The 1995 law authorizes security police to enter private residences if "there is sufficient reason to suppose that a crime is being or has been perpetrated there . . . or if pursuing persons suspected of committing a crime." In such cases, related laws require the officer in charge only to inform the procurator within twenty-four hours after entering a residence. Like the FSK statute, the new law gave the president direction of the activities of the security service, which has the status of a federal executive organ. Article 23 of the law stipulated that the president, the Federal Assembly (parliament), and the judicial organs monitor the security service. But the only right given deputies of the State Duma (the assembly's more powerful lower house) in this regard was a vague stipulation that deputies could obtain information regarding the activity of FSB organs in accordance with procedures laid down by legislation. The imprecision of actual oversight functions was compounded by the security law's provision that unpublished "normative acts" would govern much of the FSB's operations.
The law gave the FSB the right to conduct intelligence operations both within the country and abroad for the purpose of "enhancing the economic, scientific-technical and defense potential" of Russia.
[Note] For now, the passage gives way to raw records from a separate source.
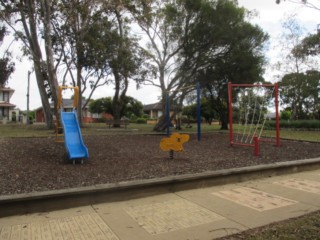 Rotary Park Playground, Shenfield Street, Cobden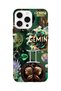 iPhone 14 Pro Max Compatible Printed Transparent Phone Case |   Collection: Zodiacmuse Celestia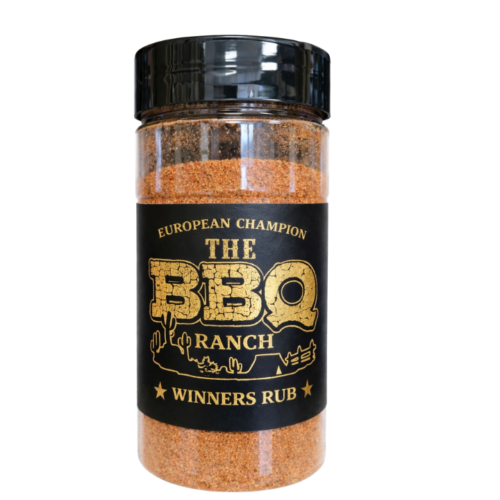 The BBQ Ranch Winners Rub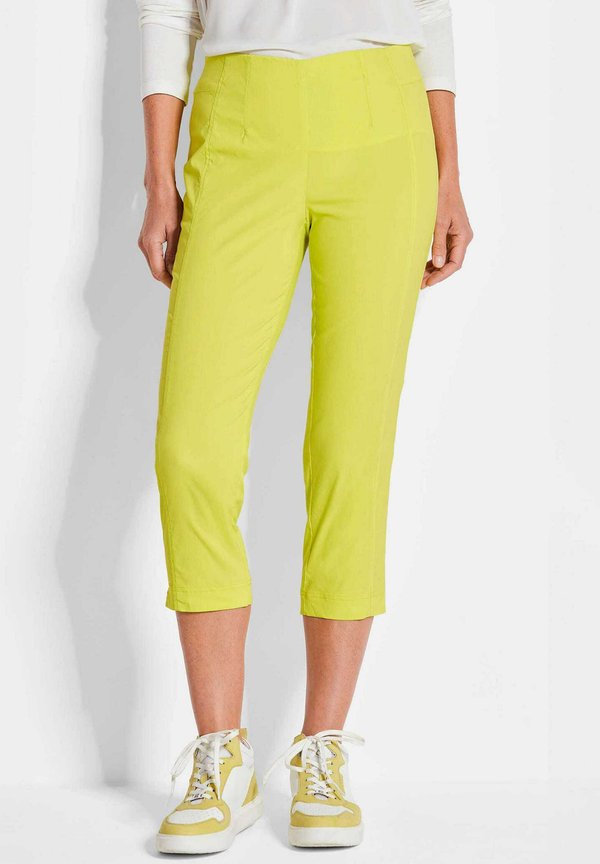 ATELIER 7/8 SUPER-STRETCH LOUISA - Stoffhose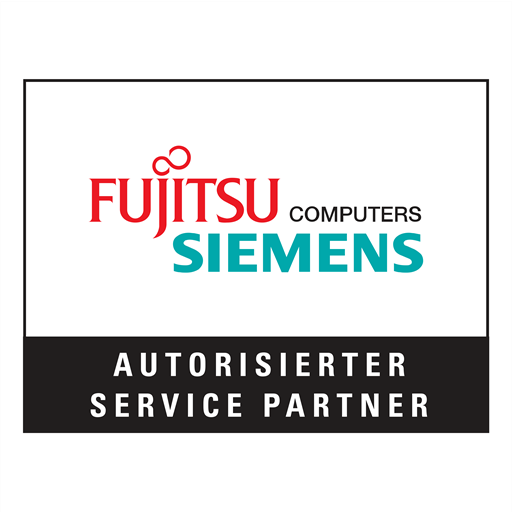 Fujitsu Siemens Computers logo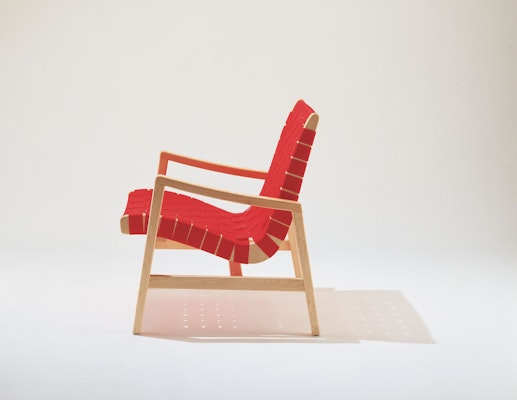 Risom Lounge Chair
Although FSB intelligence operations abroad are to be carried out in collaboration with the Foreign Intelligence Service, the specifics of the collaboration were not spelled out. The liberal press reacted with great skepticism to the new law's potential for human rights violations and for reincarnation of the KGB.
Although the FSB is more powerful than its predecessor, FSB chief Stepashin operated under a political cloud because of his support for the botched Chechnya invasion. In July 1995, pressured by the State Duma and members of his administration, Yeltsin replaced Stepashin with the head of the Main Guard Directorate, General Mikhail Barsukov (see Main Guard Directorate (GUO), this ch.). Barsukov was closely linked to the director of Yeltsin's personal bodyguard organization (the Presidential Security Service), Aleksandr Korzhakov, who had acquired powerful political influence in the Kremlin.